Writer compares WU and KAW classes

Brian Allen

Any trainer will tell you to do the same number of repetitions with your right arm as your left or you will look a little silly flexing on Muscle Beach. Washburn University and Kaw Area Technical School might be the answer for pumping up your right and left brain. They have recently partnered and I’m lucky enough to be taking a class at each, fantasy world meets real world.

At Washburn I’m enrolled in a creative writing class. A great place to exercise the right brain known for creative, subjective and imaginative thinking. When I finish a story I end up with some words on paper that hopefully convey an image, idea, or a concept that might entertain or make you think. My classmates are traditional colligates, young men and women, computers at the ready. I find it challenging and mentally invigorating; I enjoy weaving stories out of thin air.

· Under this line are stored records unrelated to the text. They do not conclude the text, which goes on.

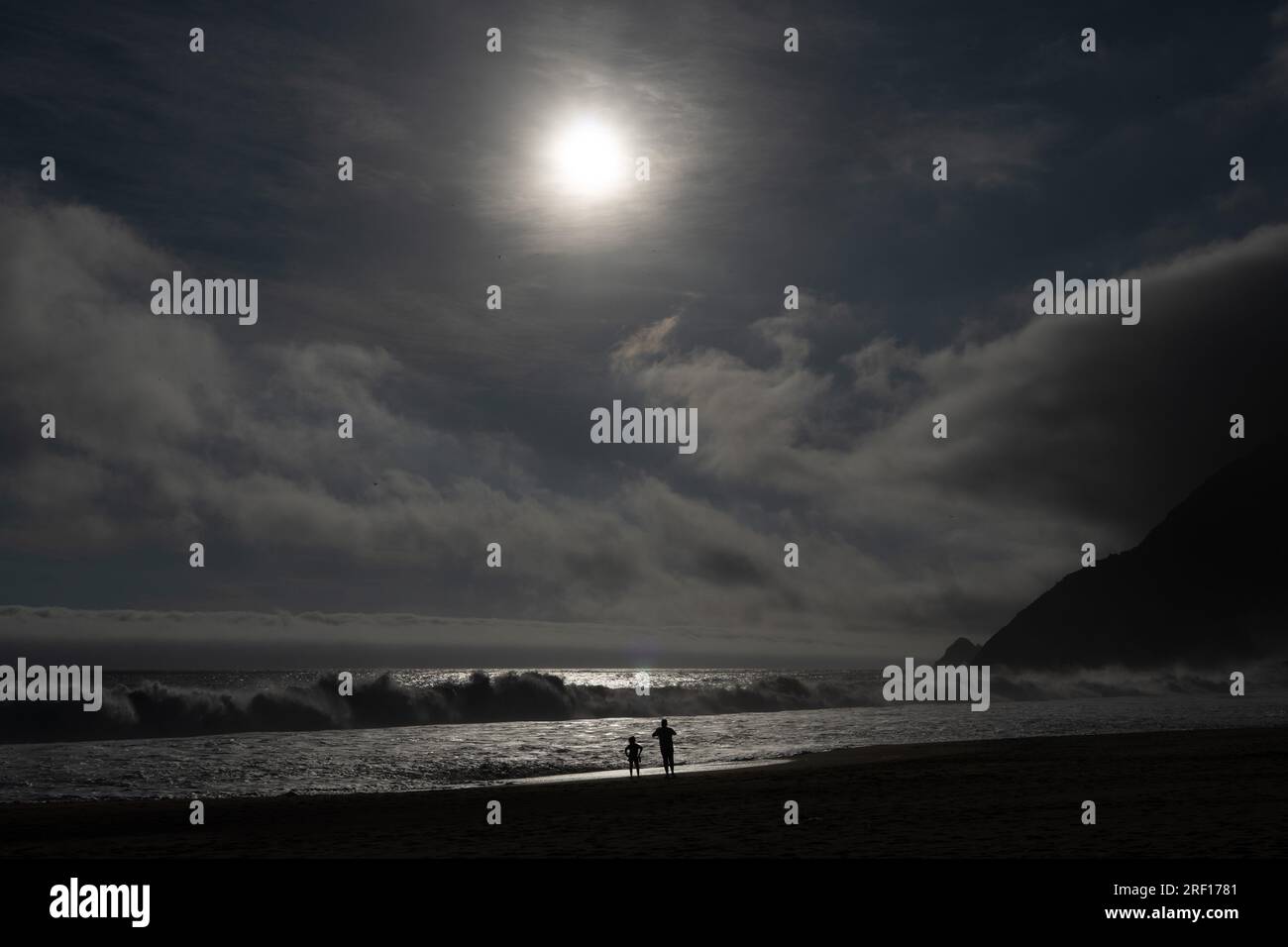 Quintay, Valparaiso, Chile. 29th July, 2023. A family looks at the sea from the shore at the beach in Quintay, Chile, on a winter day. (Credit Image: © Matias Basualdo/ZUMA Press Wire) EDITORIAL USAGE ONLY! Not for Commercial USAGE! Stock Photo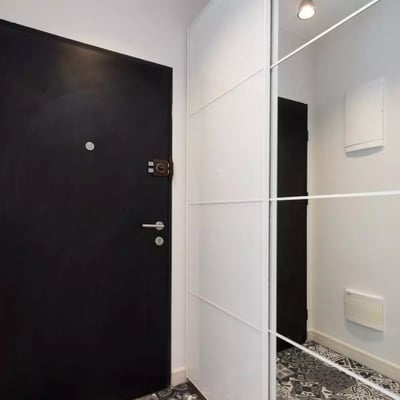 Long-term rental, Warsaw, Siedmiogrodzka St., Wola district: 3-room apartment with a balcony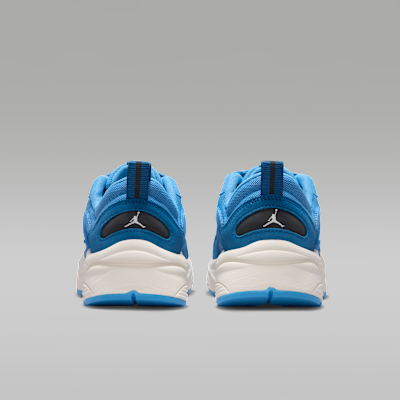 Jordan Trunner O/S Women's Shoes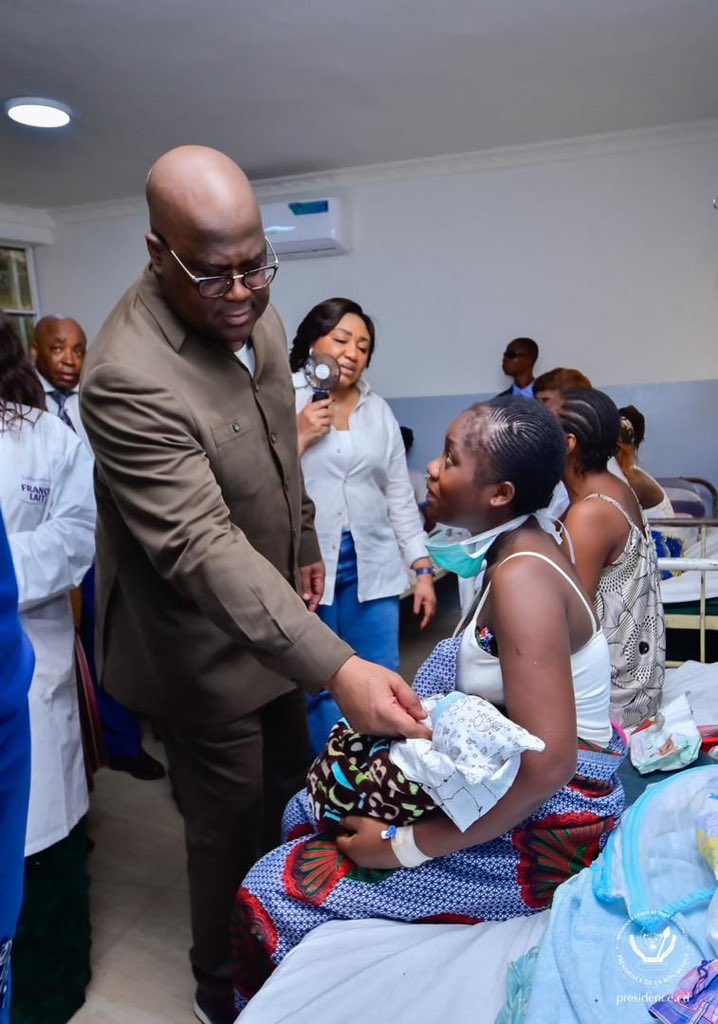 Beton_pacifique's tweet photo. Ce lundi 07/04/ 2025,
le couple présidentiel a effectué une visite au centre de santé Vijana, dans la commune de Lingwala, à Kinshasa. Sur place, le PR05 @Fatshi20 et @DeniseNyakeru ont réconforté 20 victimes de pluies à Kinshasa. Acheminées dans des conditions critiques. https://t.co/1OCT56DOlT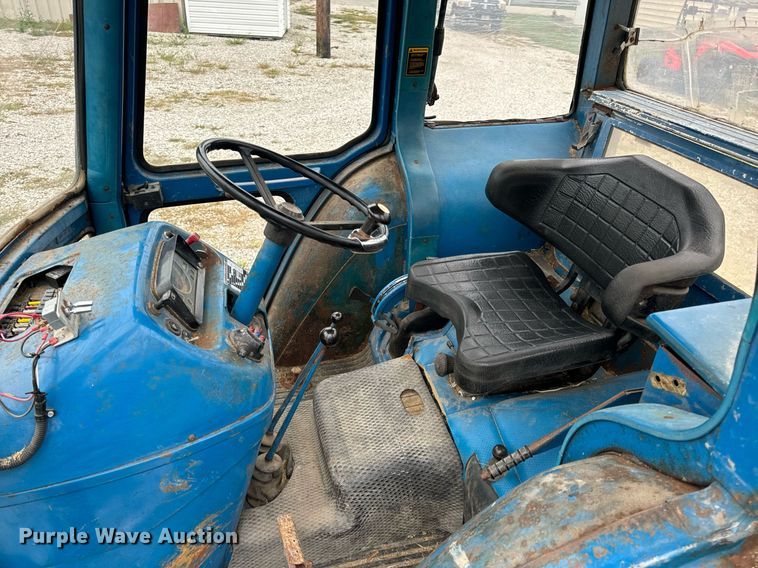 image for item EH7077 1980 Ford 3600 tractor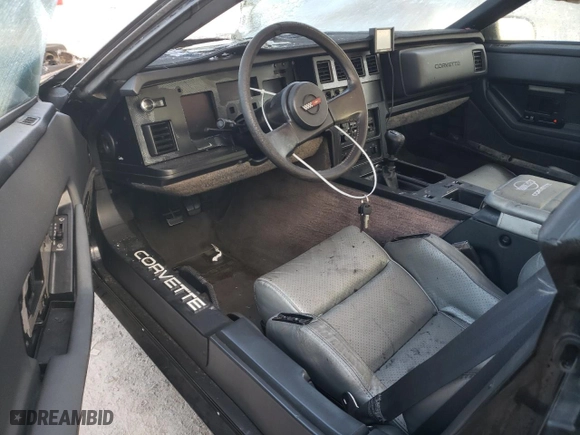 1985 Chevrolet Corvette with VIN 1G1YY0788F5138977, listed as a Copart auction lot 82021484 with 0 mi miles and Non Repairable. Bid and sale history available at carsss.com. Image 8.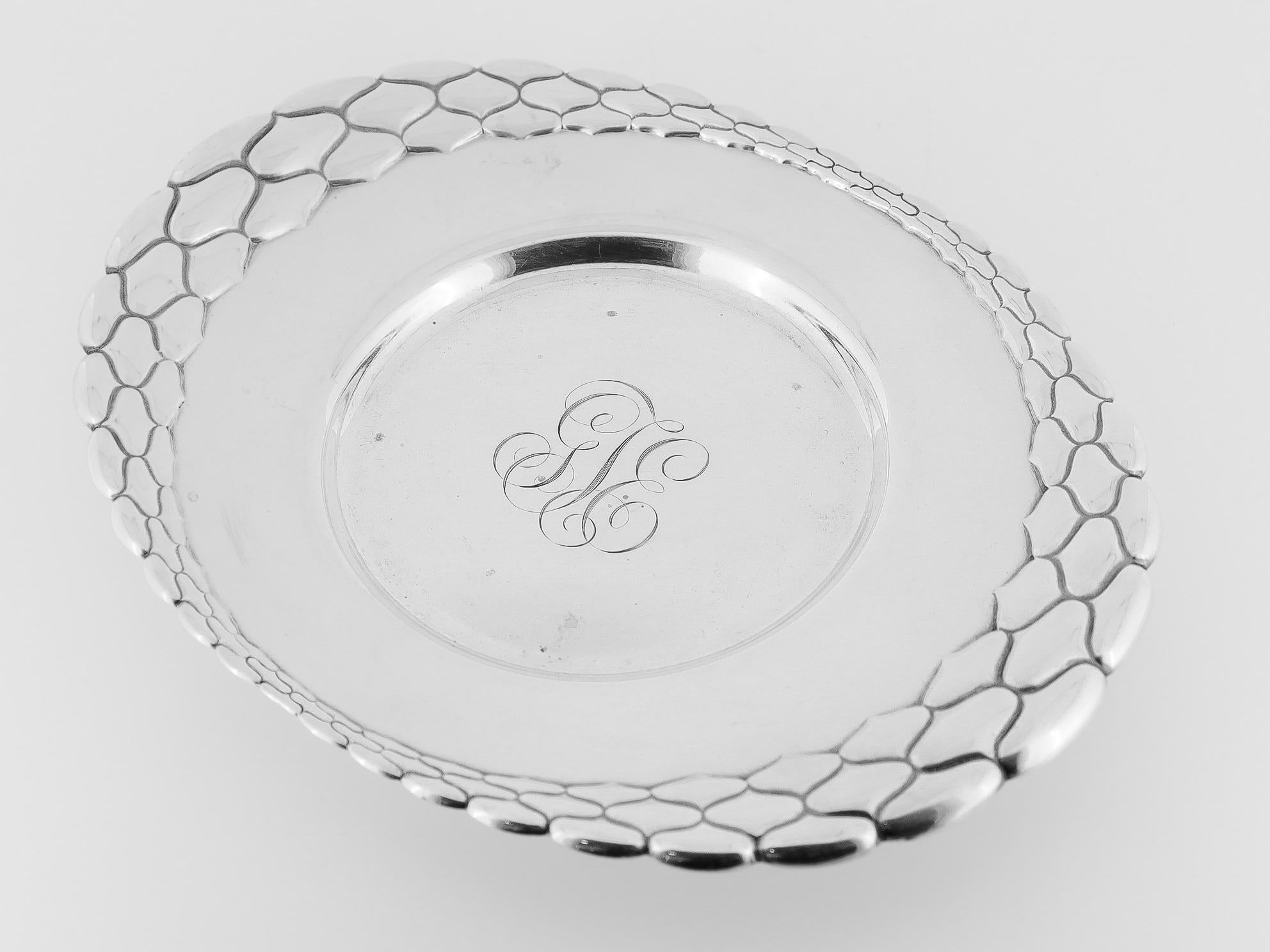 Pair of Antique Tiffany & Co. Sterling Silver Plates with 'G.S.E.' Monogram For Sale 5
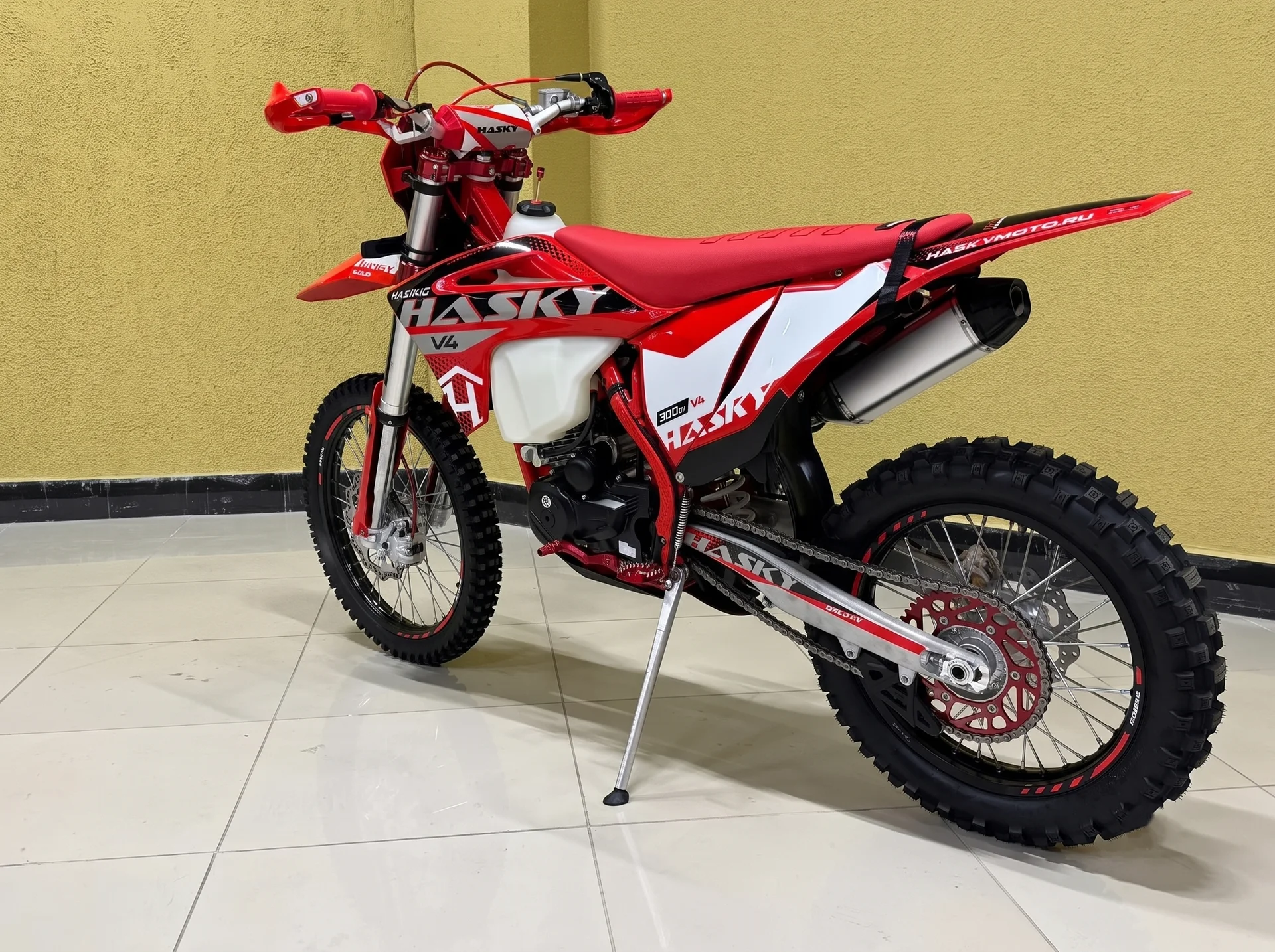 Мотоцикл эндуро Hasky V4 Racing - миниатюра 6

At the Kaw Area Technical School I am in a Machine Tool Technology class. There the left brain known for logical, objective and critical thinking gets a work out. I have to follow the blue print to within one thousandth of an inch if I want to end up with something useful. We are carving cold rolled steel and our errors last forever, there is no delete and no spell check. It is an evening class, all men twenty to sixty. It requires skill, practice and concentration to use the metal lathes and milling machines. I find the work grounds me and I enjoy producing something useful that can felt and touched.

I have heard members of each discipline, academic and skilled trade, denigrate the other. I don’t get tweed jacket vs. blue collar xenophobia. Like all prejudices I think it is based on ignorance and misunderstanding. Metal-smithing takes a lot more thought than you might imagine and word-smithing requires a lot more labor than you might think. Flexing both sides of the brain, firing lots of neurons across the connecting corpus callosum seems a healthy and balanced way to live.

Some may think the marriage of University and Technical School a mismatch but after experiencing both I believe the differences complement each other. Steel and paper, skill and creativity, all necessary for living and dreaming.